__Excerpted records__.
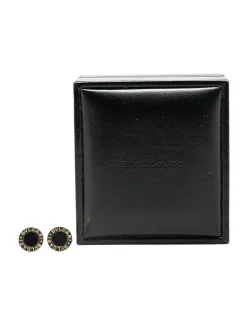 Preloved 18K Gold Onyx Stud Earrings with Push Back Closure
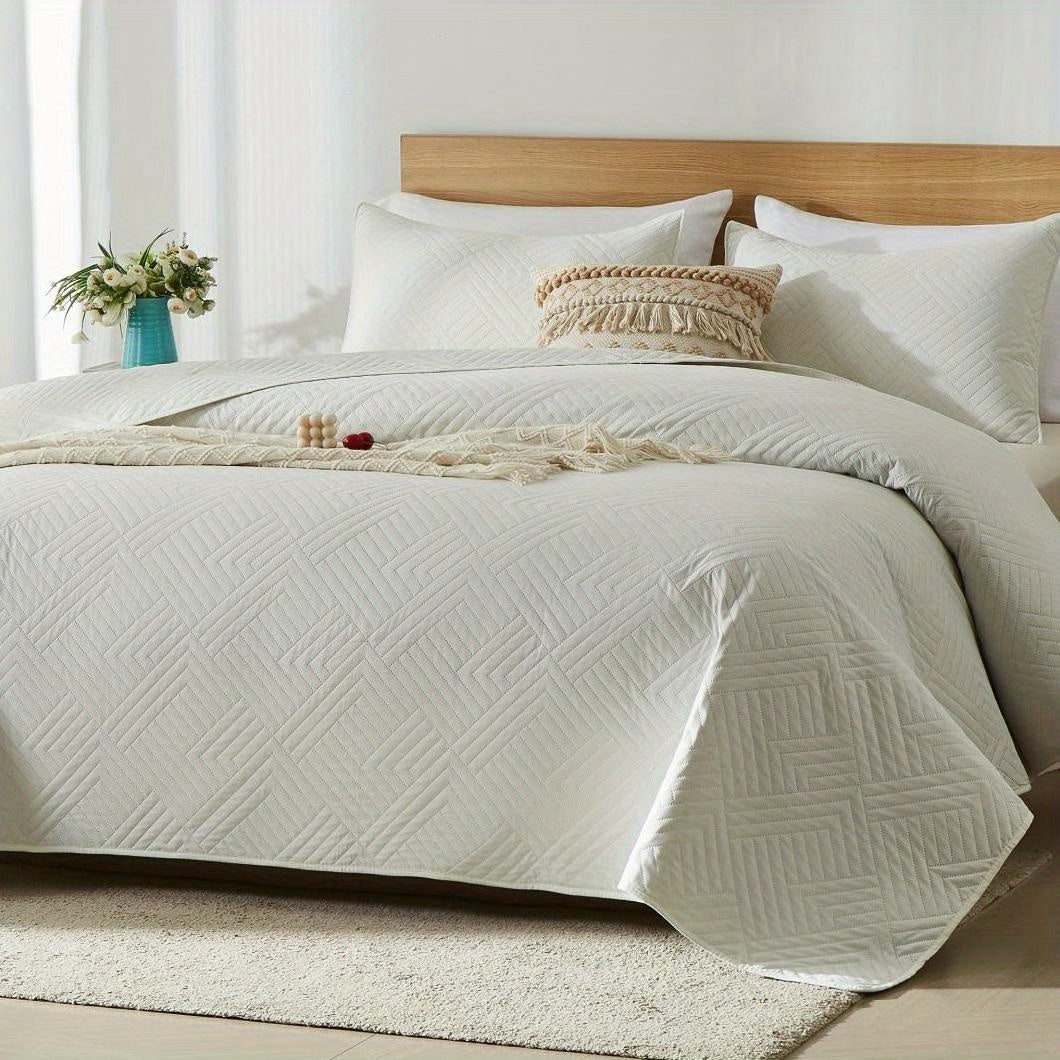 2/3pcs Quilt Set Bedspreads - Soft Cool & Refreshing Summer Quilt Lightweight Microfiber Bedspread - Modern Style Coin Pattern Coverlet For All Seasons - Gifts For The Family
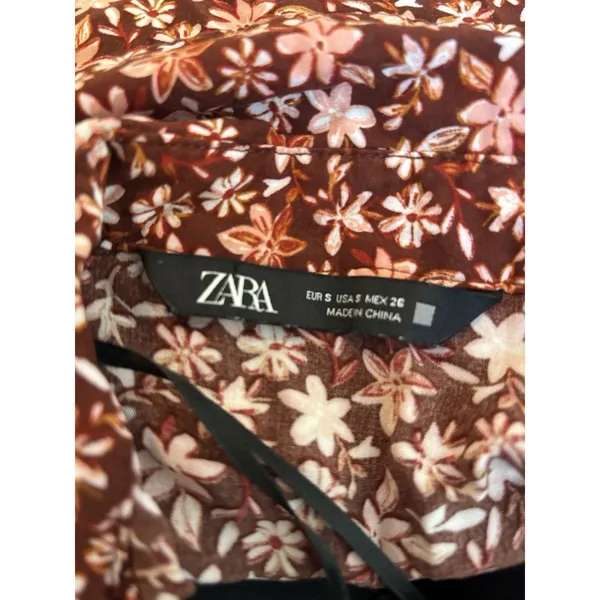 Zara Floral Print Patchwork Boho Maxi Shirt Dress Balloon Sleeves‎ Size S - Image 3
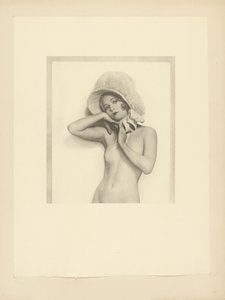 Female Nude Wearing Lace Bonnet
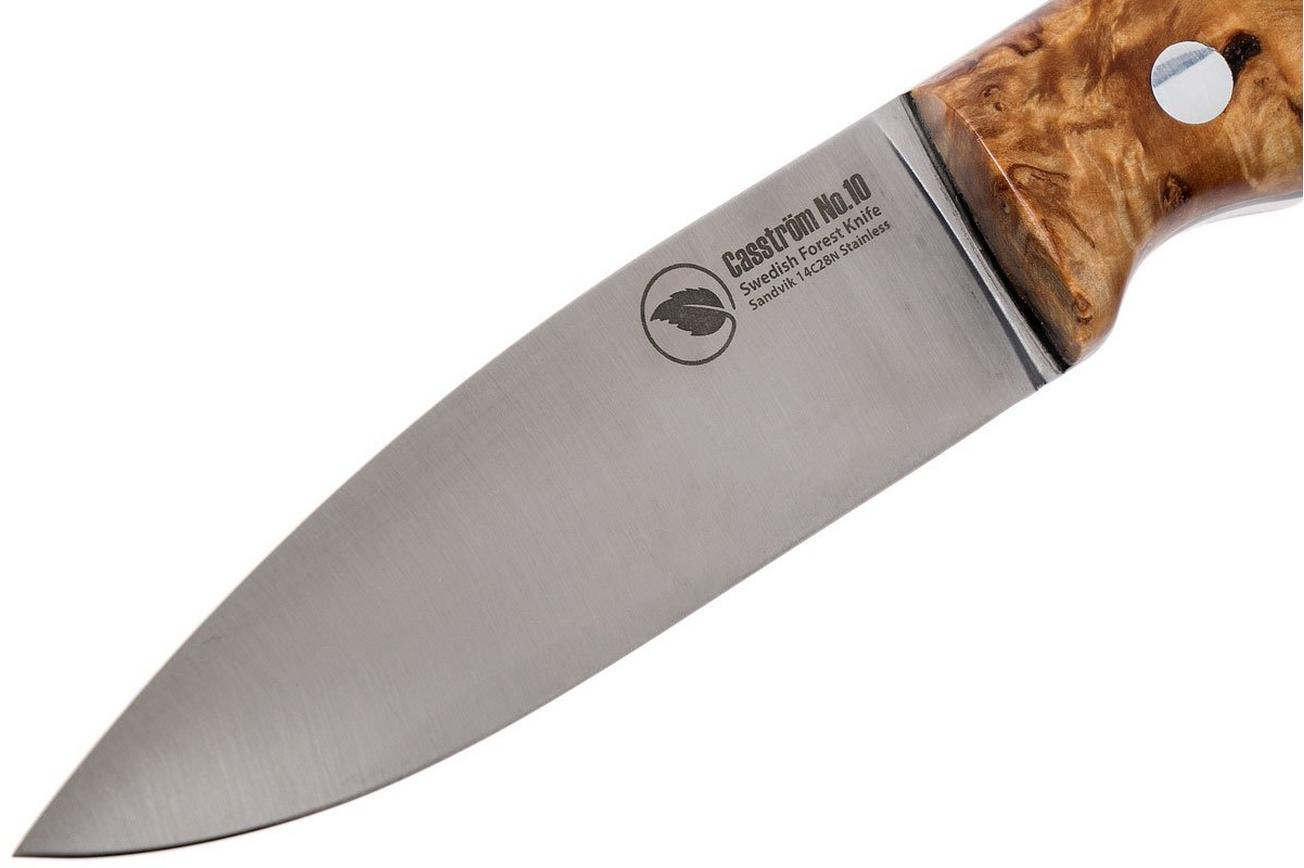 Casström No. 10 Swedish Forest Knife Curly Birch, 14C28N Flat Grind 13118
--
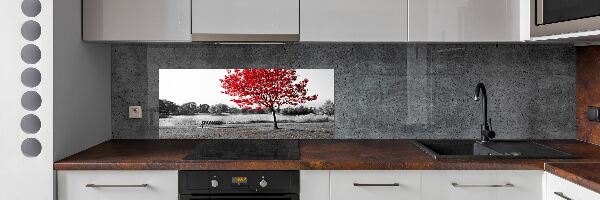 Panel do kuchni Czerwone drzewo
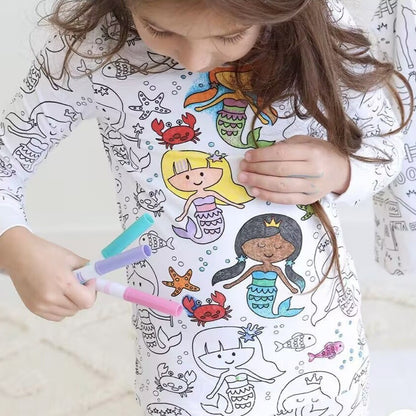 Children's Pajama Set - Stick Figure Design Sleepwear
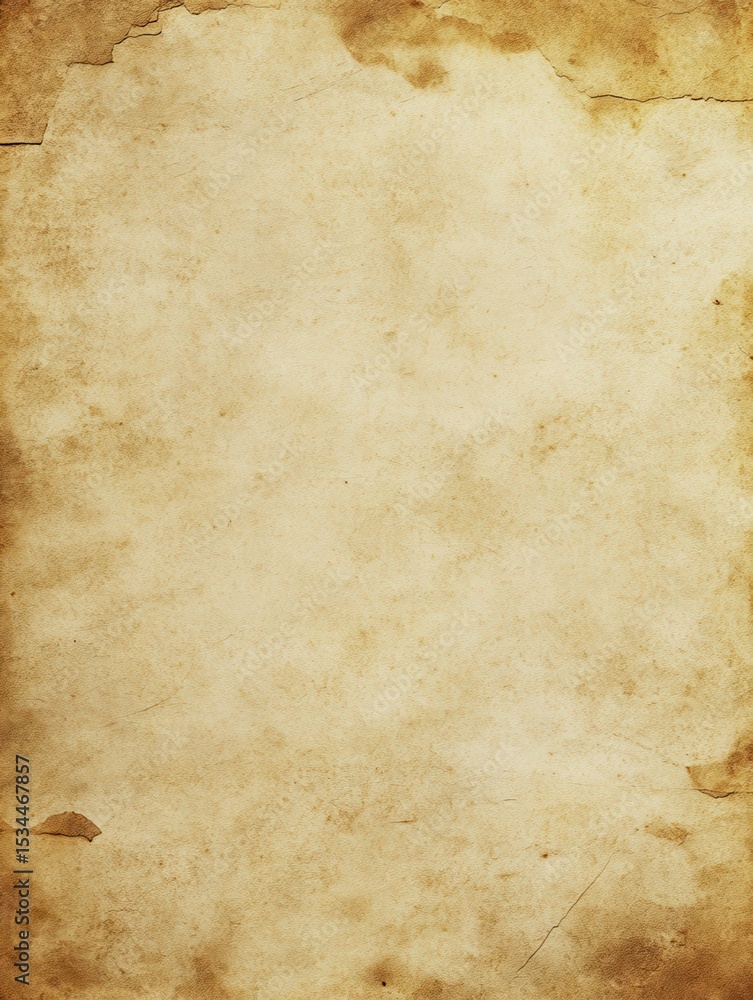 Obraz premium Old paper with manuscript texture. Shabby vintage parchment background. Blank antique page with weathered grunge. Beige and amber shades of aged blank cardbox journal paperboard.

__Exercise directions__. Pictures in the material above should be skipped; print exactly the lines from the one with "Preloved 18K Gold" through the one with "Casström No. 10".

__Result__.
 Preloved 18K Gold Onyx Stud Earrings with Push Back Closure
 2/3pcs Quilt Set Bedspreads - Soft Cool & Refreshing Summer Quilt Lightweight Microfiber Bedspread - Modern Style Coin Pattern Coverlet For All Seasons - Gifts For The Family
 Zara Floral Print Patchwork Boho Maxi Shirt Dress Balloon Sleeves‎ Size S - Image 3
 Female Nude Wearing Lace Bonnet
 Casström No. 10 Swedish Forest Knife Curly Birch, 14C28N Flat Grind 13118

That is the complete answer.